1) Mix the yeast and water in a bowl and mix to combine, set aside for 5 minutes, or until bubbly. Pulverize the granulated sugar and the rose geranium leaves in the coffee grinder until smooth.  Combine the sugar mixture with the salt and milk in a small bowl. Zest the lemon into the flour. Place the flour, eggs and the activated yeast in the bowl of the mixer and beat on low for 1 minute with the dough hook. Increase speed to high, add the sugar mixture and beat for 10 minutes or until the dough comes away from the sides of the bowl.




The most important part of baking for me is Mise En Place (meaning getting everything ready to bake). The second most important thing for me, is in keeping the kitchen decluttered so as not to run out of room.











2) While still mixing, add the butter and beat for 6-7 minutes or until
 glossy and elastic.




3) Place the dough in a bowl and cover with plastic wrap. Let rise in a warm place for 2-3 hours or until the dough has doubled in size.

4) Turn out dough onto a lightly floured surface and divide into 6 equal size balls and knead until smooth. Grease the muffin tins, and place one ball in each cup. Cover with a  clean, damp cloth and set aside for 1 hour

5) Preheat oven to 400˚F. Brush dough with egg wash and bake for 15-17 minutes or until golden. Cool on a wire rack

6) Make the lemon icing by mixing sugar, water and lemon juice together. Spoon icing over the muffins and top with a candied lemon peel and let set.

THE FINAL PRODUCT
 
Note: When proofing the dough, do not place in an extremely warm place as it will melt the butter and make it a greasy mess. 65˚F is about how warm you want it. Also note: The flour I used is whole wheat. If I were to make this again, I would use regular all purpose. I would also probably want to add an extra egg yolk and some more zest (I love zest). I'll have to make this again to see if I can improve it. Toodles :)

Monday, September 13, 2010

Rum Roy Rogers Cake

Recently my friend Rafe had a birthday. It is my tradition, started almost a year ago, to bake my friends a cake for their birthday. Trouble is...I like to make the cake match their personality, which may or may not correspond to their original preferences. For Rafe, at first I was thinking a variation of a Rum Cake, but I found that uninspiring. Then I remembered that I'd been meaning to try a Coca-Cola cake. This thought led me to the memory of my brother always ordering a Roy Rogers while I had the Shirley Temple at restaurants. That sounded too childish though, to make a "Roy Rogers Cake." Thus the plan for the Rum Roy Rogers Cake was born.

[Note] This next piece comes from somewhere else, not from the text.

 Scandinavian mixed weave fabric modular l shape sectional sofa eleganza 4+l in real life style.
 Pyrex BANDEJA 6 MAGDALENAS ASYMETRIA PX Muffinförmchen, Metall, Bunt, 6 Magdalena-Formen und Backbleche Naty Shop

Essentially, I took the recipe for the Cola Cake and the Rum Cake and I merged them together to form my first attempt. I may or may not make alterations in the future.

Ingredients for the cake:

3 cups ap flour sifted
1 tbsp cornstarch
1 cups sugar
2 sticks butter
3 tbsp cocoa powder
1 1/4 cup Coca Cola
1/4 cup grenadine
1 tbspn buttermilk powder
1 tsp baking soda
1/2 tsp baking powder
6 eggs
2 tbsp vanilla
1 mini bottle Myer's dark rum
2 c. miniature marshmallows

Preheat oven to 350˚F
Grease and flour two round cake pans

Sift the dry ingredients into a bowl and set aside.

In a small saucepan bring the butter, Cola and grenadine to a boil, set aside to cool for a few minutes.

Meanwhile break the eggs into a large bowl, and beat slightly. Add the vanilla and the rum and stir. Add the butter/cola/grenadine mixture. Mix well.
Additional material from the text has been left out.